* _LISTED ENTRIES_:
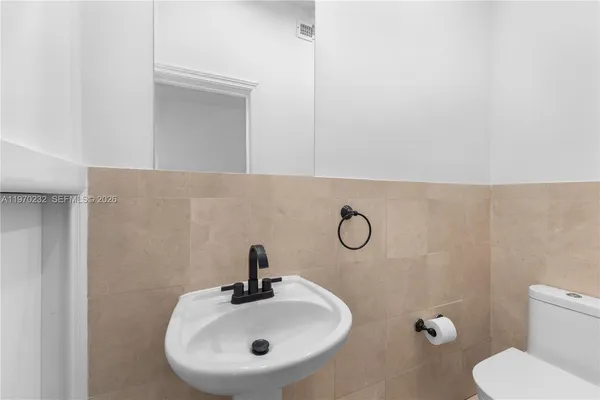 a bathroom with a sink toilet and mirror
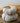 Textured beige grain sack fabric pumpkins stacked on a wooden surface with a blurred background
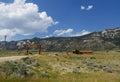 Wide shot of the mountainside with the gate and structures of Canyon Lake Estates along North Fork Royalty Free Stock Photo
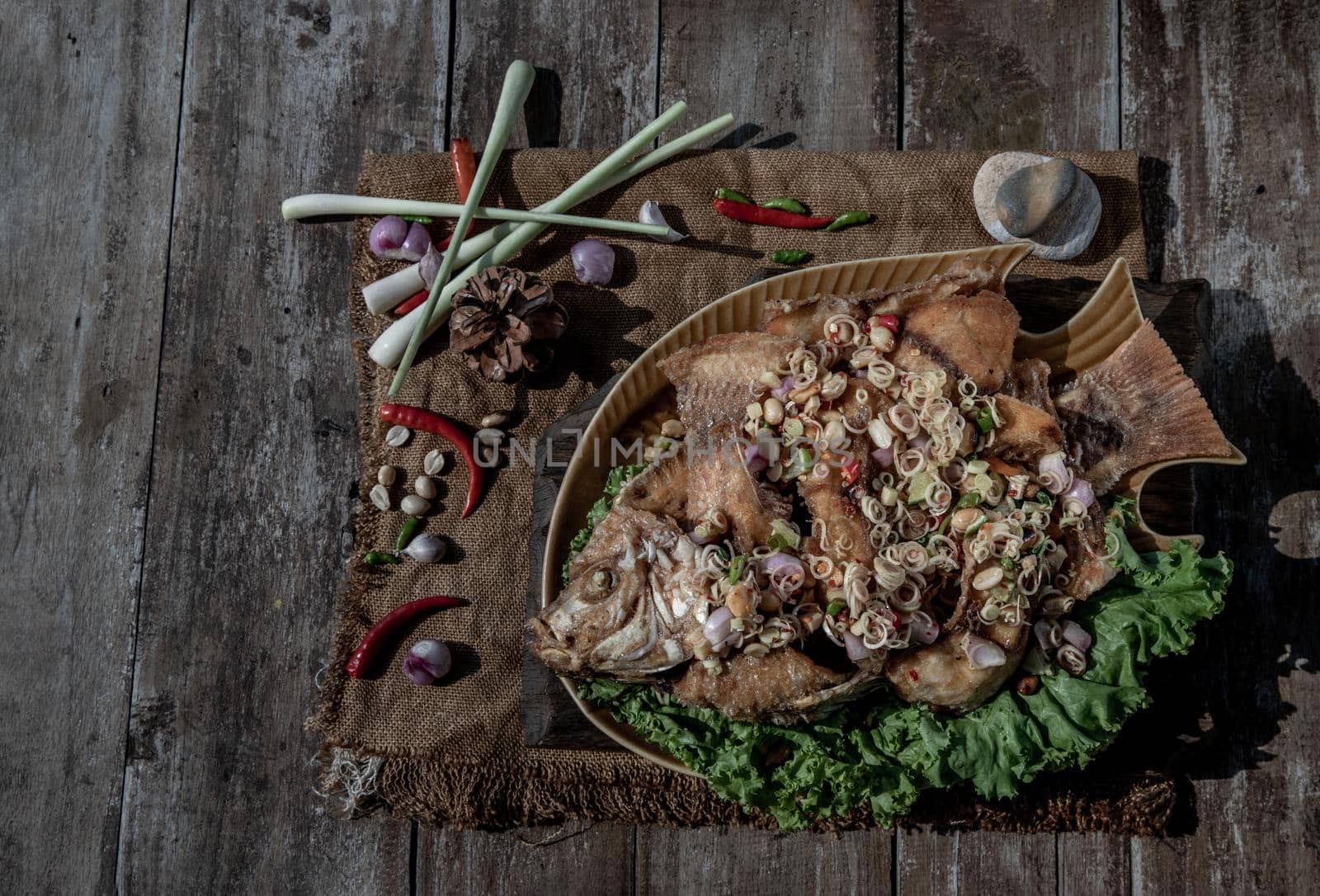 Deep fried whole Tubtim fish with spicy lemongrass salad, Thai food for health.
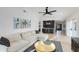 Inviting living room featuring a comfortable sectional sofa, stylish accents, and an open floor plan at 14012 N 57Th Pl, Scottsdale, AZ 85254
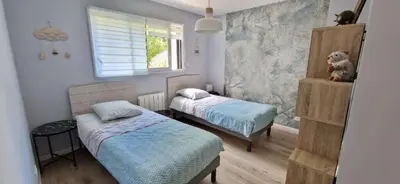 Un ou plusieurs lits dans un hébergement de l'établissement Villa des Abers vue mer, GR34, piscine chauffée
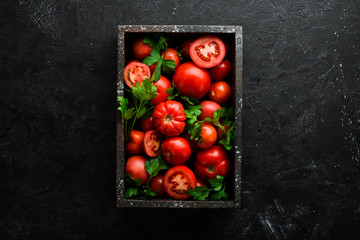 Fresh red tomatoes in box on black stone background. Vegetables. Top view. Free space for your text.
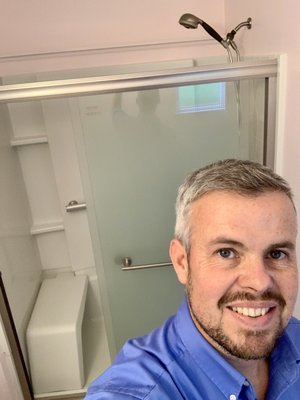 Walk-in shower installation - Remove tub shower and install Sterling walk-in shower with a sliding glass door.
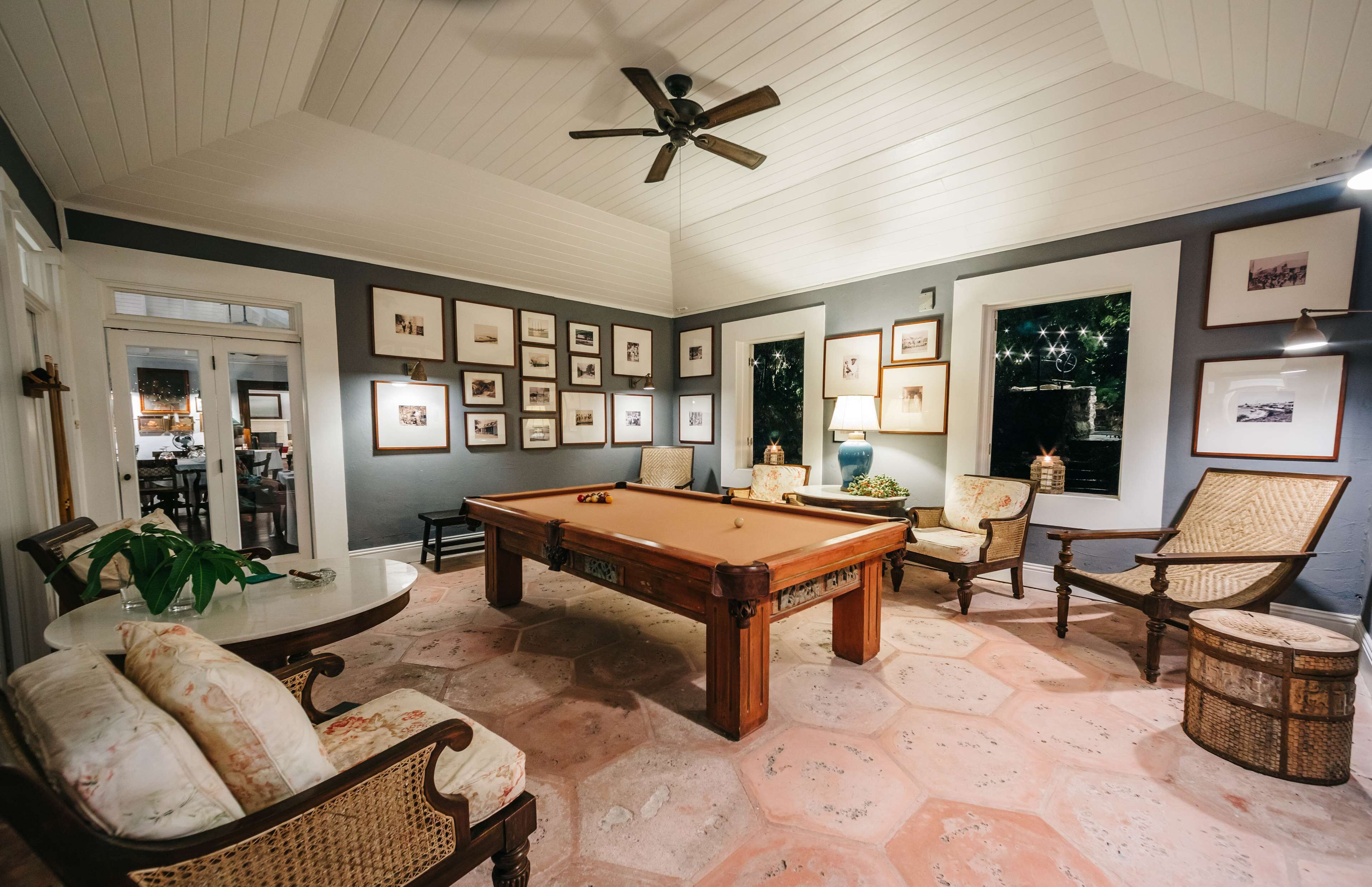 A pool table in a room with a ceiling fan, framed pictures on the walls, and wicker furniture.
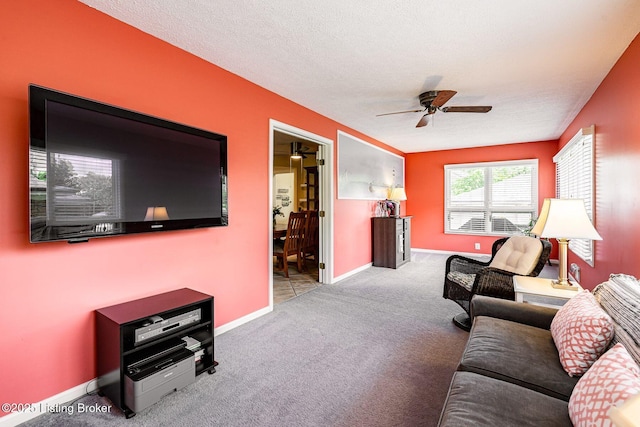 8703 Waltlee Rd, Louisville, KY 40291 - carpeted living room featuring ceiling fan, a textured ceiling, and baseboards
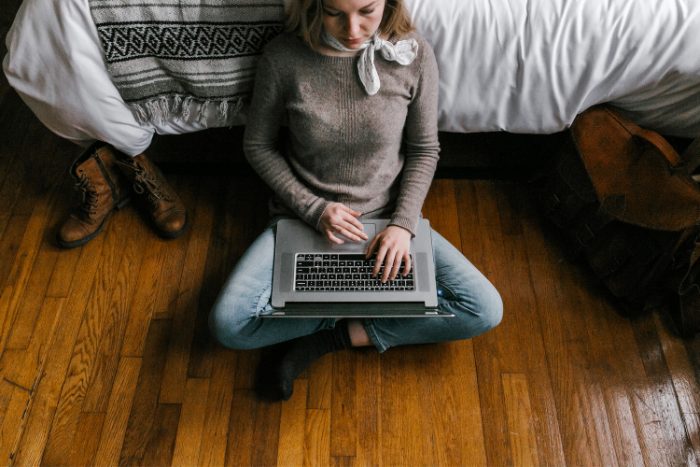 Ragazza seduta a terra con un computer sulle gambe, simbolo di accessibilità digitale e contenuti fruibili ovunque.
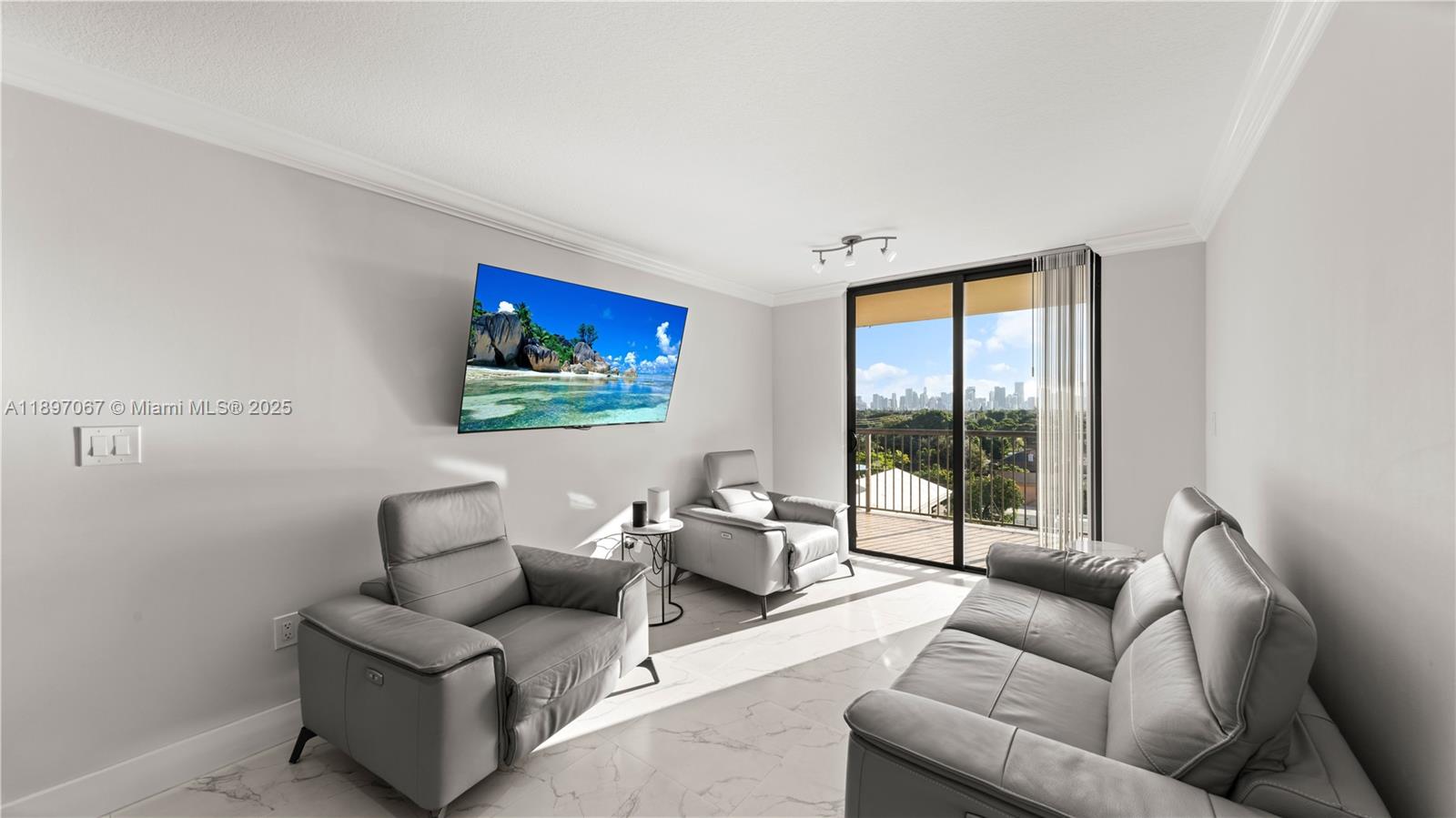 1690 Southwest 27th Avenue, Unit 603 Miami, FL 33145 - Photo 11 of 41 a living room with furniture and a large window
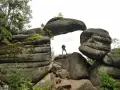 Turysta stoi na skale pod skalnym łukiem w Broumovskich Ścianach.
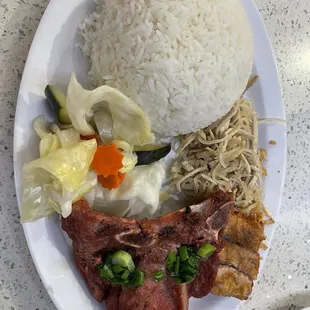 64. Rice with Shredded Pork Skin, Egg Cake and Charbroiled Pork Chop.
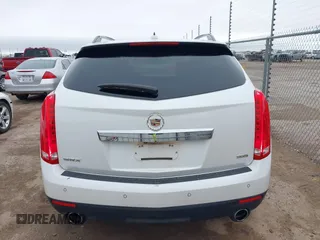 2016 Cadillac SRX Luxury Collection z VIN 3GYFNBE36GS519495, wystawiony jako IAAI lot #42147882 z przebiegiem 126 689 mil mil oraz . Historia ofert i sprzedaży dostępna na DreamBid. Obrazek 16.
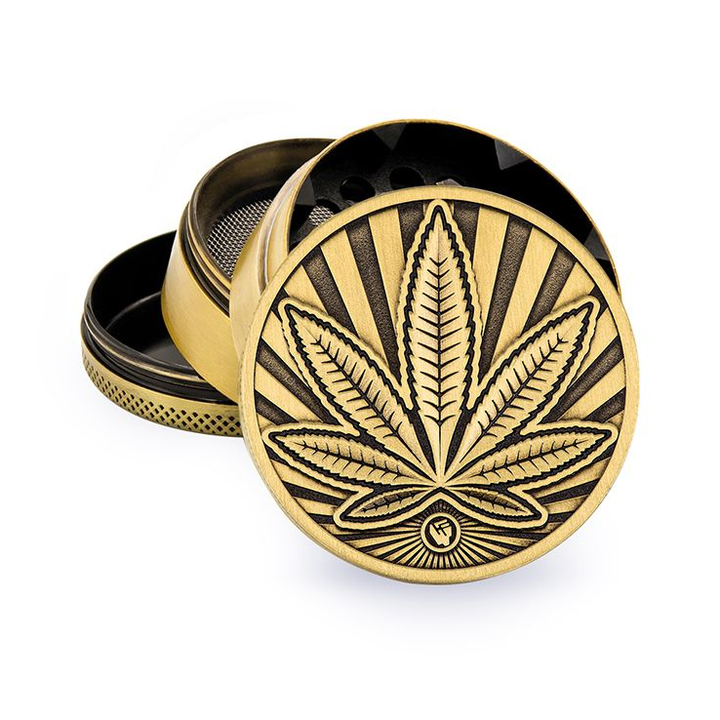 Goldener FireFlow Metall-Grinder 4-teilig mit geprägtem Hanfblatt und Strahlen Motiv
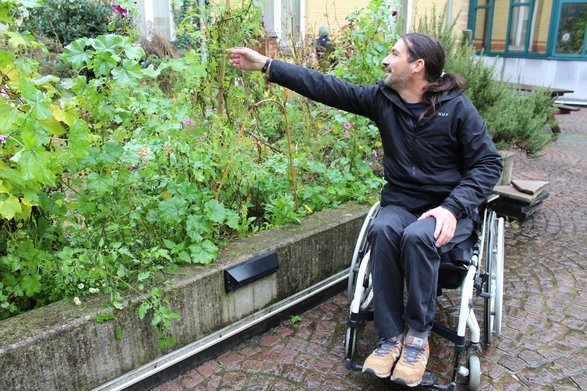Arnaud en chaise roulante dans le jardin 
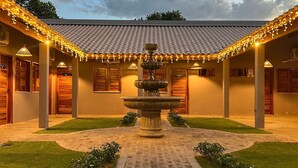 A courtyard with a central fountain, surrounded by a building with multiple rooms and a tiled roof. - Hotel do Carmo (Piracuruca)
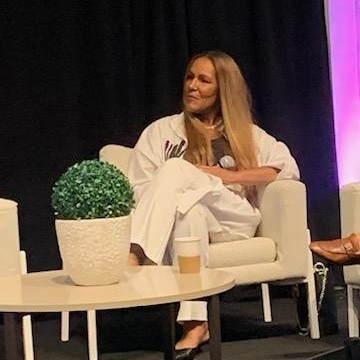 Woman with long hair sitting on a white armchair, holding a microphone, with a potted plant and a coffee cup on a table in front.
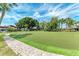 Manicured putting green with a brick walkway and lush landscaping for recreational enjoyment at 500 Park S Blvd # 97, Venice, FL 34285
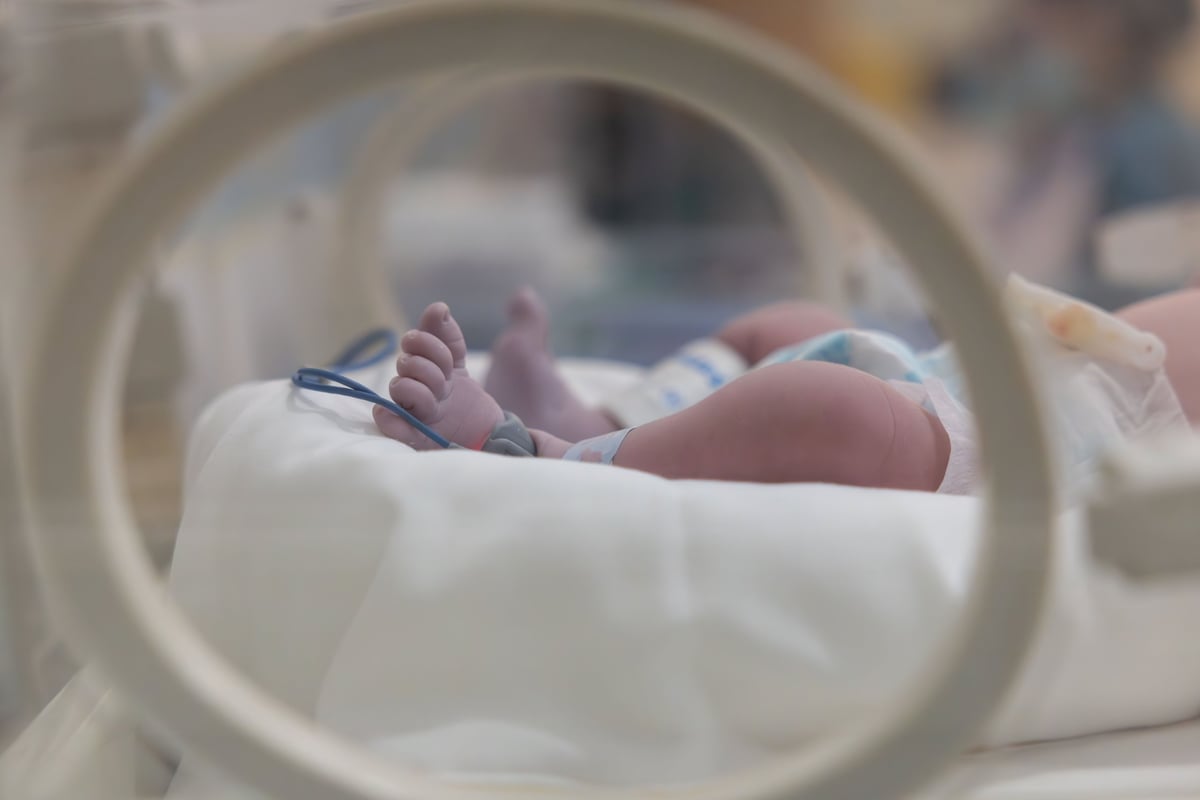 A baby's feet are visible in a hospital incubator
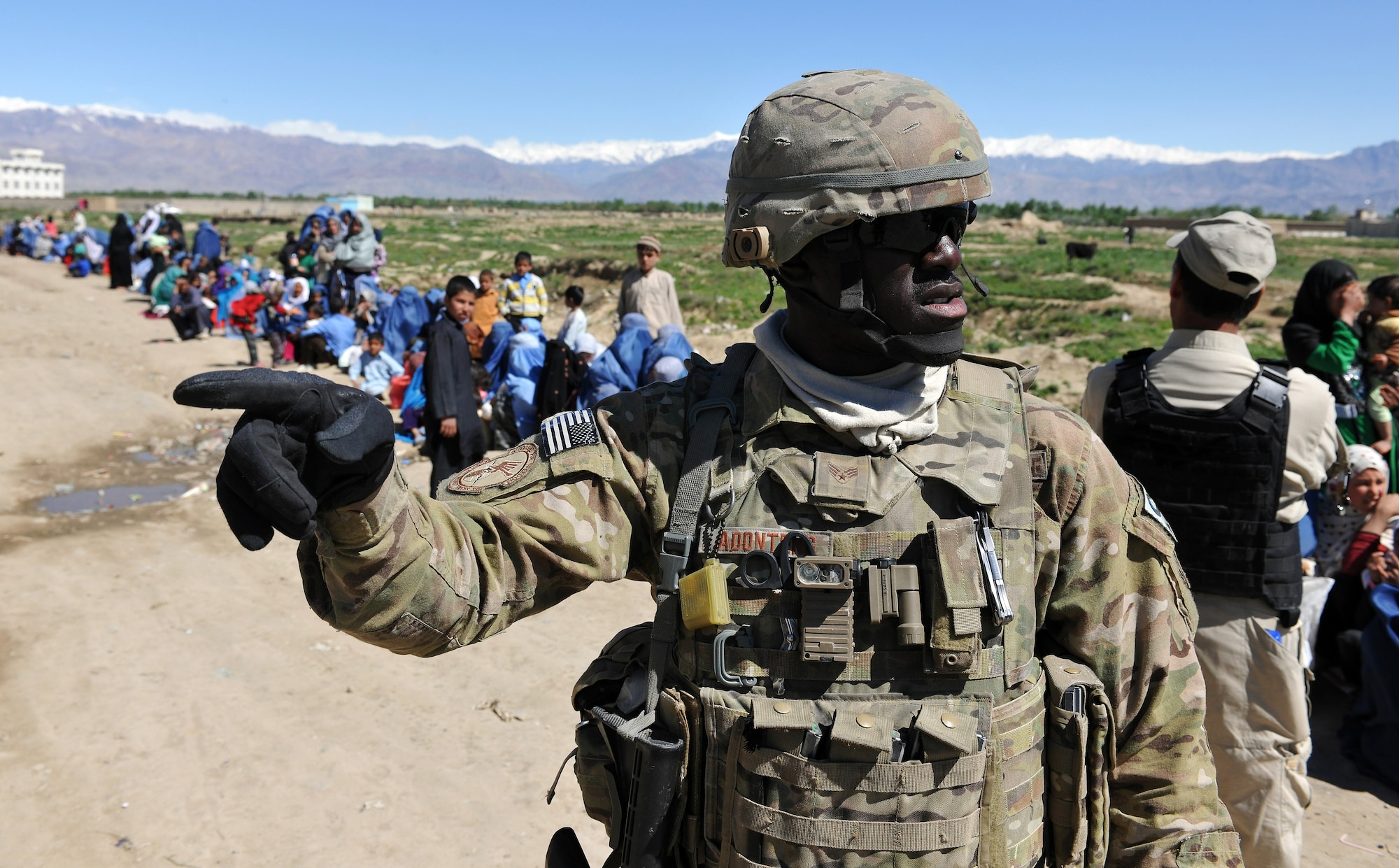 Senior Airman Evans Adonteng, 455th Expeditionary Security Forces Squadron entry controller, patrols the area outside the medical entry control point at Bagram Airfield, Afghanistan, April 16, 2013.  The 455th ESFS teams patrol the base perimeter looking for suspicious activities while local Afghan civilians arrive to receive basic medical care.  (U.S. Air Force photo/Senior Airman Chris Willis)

* _PROBLEM_:
Reproduce the lines above beginning at the line that contains "Arnaud en chaise roulante dans le jardin" and ending at the line that contains "Manicured putting green". No pictures.

* _TASK SOLUTION_:
Arnaud en chaise roulante dans le jardin 
 A courtyard with a central fountain, surrounded by a building with multiple rooms and a tiled roof. - Hotel do Carmo (Piracuruca)
 Woman with long hair sitting on a white armchair, holding a microphone, with a potted plant and a coffee cup on a table in front.
 Manicured putting green with a brick walkway and lush landscaping for recreational enjoyment at 500 Park S Blvd # 97, Venice, FL 34285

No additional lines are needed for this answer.